A couple of years ago I had the absolute pleasure of spending time at the Cheltenham Literature Festival. As glorious sunshine bathed the imperial gardens I stepped into the venue to spend a sunny afternoon listening to Ray Davies talk about his book Americana, which charts his complex love affair with America.
Davies started things off by reading an extract from the book, nervously approaching the lectern he reads aloud a passage which conjures up an image of a young boy watching cowboys and indians on a tiny black and white television set in Muswell Hill. This is followed by an hour of chat with Paul Gambaccini, questions from the audience and a book signing.
Ray Davies has always belligerently sailed against the tide of “popular” trends, instead collecting an array of idiosyncratic characters, charting English eccentricities and painting a picture of village fetes, jumble sales and cream teas. He has always been interested in telling stories and creating characters, driven by a compulsive need to write the next song or create the next album. To the packed audience he hints that sometimes his drive for perfection has a dark side. He explains that having been asked for more singles by his American record label he came up with the song Celluloid Heroes. At 6 minutes 19 seconds it is not ideal single length and having spent two solid days recording it, he still found issue with one of the lines, having to re-record it, to the despair of the sound engineer. The story is told with gentle warmth and humour but gives an insight into his steely determination and grit.
One of the many fascinating things about Ray Davies is that he seems to be almost completely lacking in ego, he comes across as humble with a real twinkle in his eye. He has the packed tent in the palm of his hand and his dry wit frequently reduces the audience to laughter, a standout line coming with his description of Phil Spector as “a great record producer, writer and murderer”
His book Americana charts a period of Kinks’ history that may be unknown to a lot of people in the UK. From about 1971-1984 the Kinks toured the states obsessively, making up for lost time after their 4-year ban, during this period they accrued three gold selling albums. “Low Budget”, “Give The People What They Want” and “State of Confusion”, records that did not even chart in the UK. This is indicative of the gross under appreciation of The Kinks work but Davies does not seem to mind, he loves all the records he has produced and is always hoping that the next record could be “the one”. He explains that you really have to “get the kinks” to truly appreciate them.

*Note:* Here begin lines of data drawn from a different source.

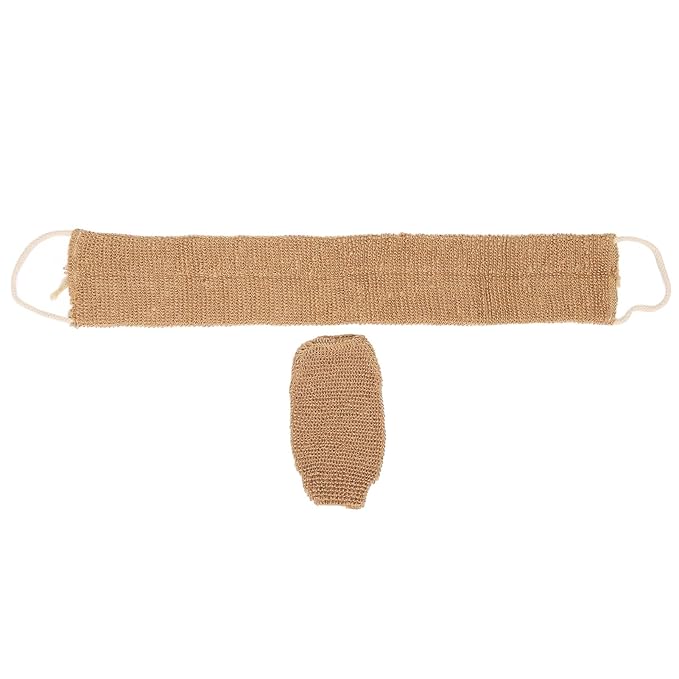 ZJchao Back Scrubber Strap Long Handle Back Scrubber Bath Glove Set with Exfoliating Textured Surface for Deep Cleaning Home Travel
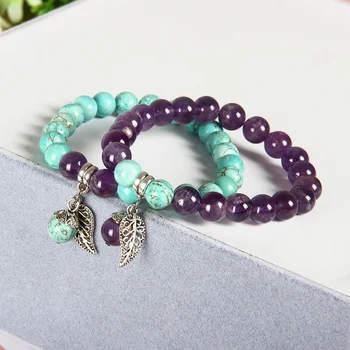 Bracelet Amethyste Amazonite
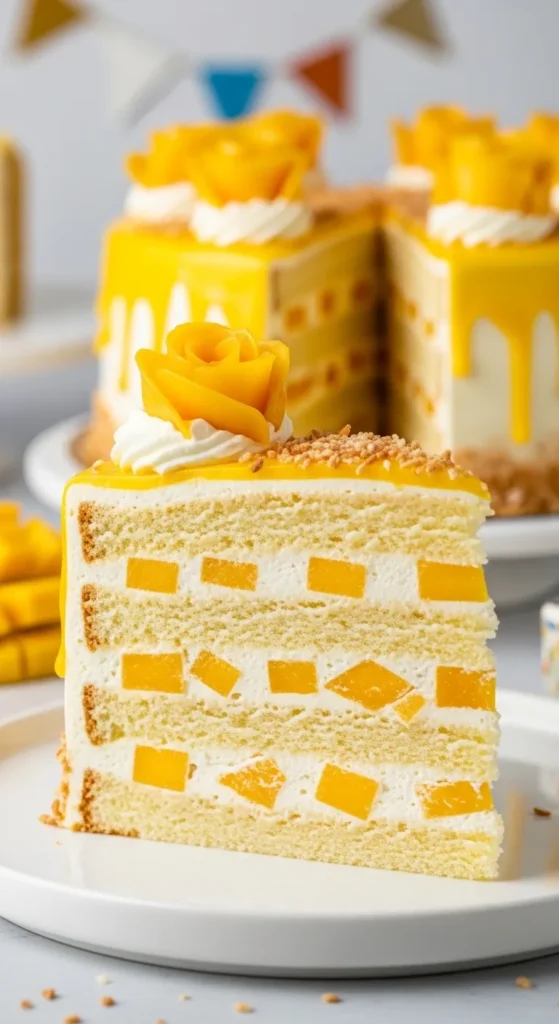 Mango Cream Party Cake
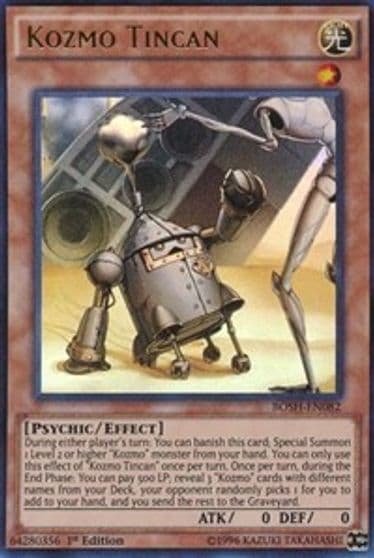 Kozmo Tincan Breakers of Shadow Yu-Gi-Oh! card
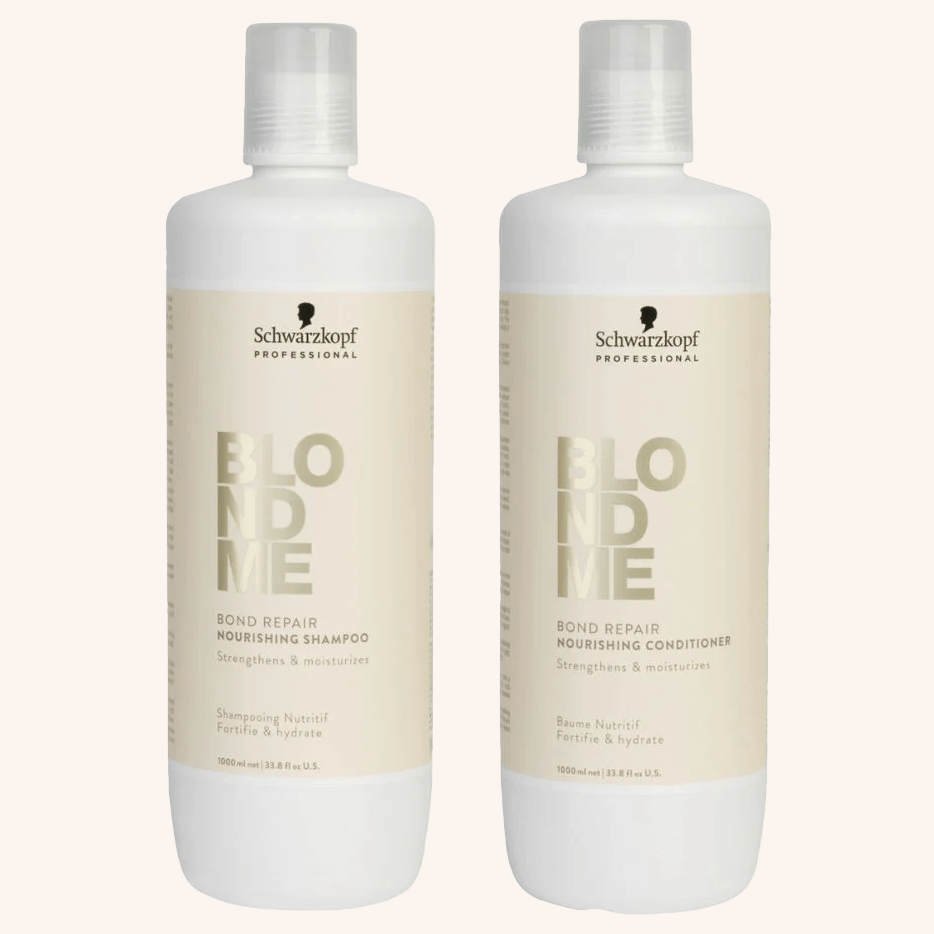 Schwarzkopf Professional Blondme Bond Repair Nourishing Shampoo & Conditioner 1000ml Duo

The book also covers his shooting in New Orleans, he tackles the subject eloquently warning of the dangers of increased gun crime in the UK. Another highlight of the afternoon comes when an audience member asks what music he likes from the current chart scene and he confesses to enjoying a “Rihanna afternoon” from time to time. The audience laughs but he then goes on to explain that he enjoys the production values of Rihanna’s records because of their clean sounds. He is always ready to confound expectations, something he has done throughout his career. He talks briefly about his brother Dave Davies, remarking that they might make new music together soon but nothing too nostalgia driven.
The records he has written have been produced from his own individualistic perspective, making him a unique talent. He doesn’t benefit from the same creative partnership enjoyed by Lennon and McCartney or Jagger and Richards, he is on the outside, a rock loner, telling surreal tales at the end of the pier. Whilst The Beatles were releasing the “White Album” and the Stones “Beggar’s Banquet”, The Kinks were releasing a very English concept album “The Village Green Preservation Society”, typical of Davies’ offbeat view of the world.
Spending time in his company (albeit along with 300 other rapt audience members) makes you appreciate his place in rock history as perhaps the greatest British songwriter of his generation.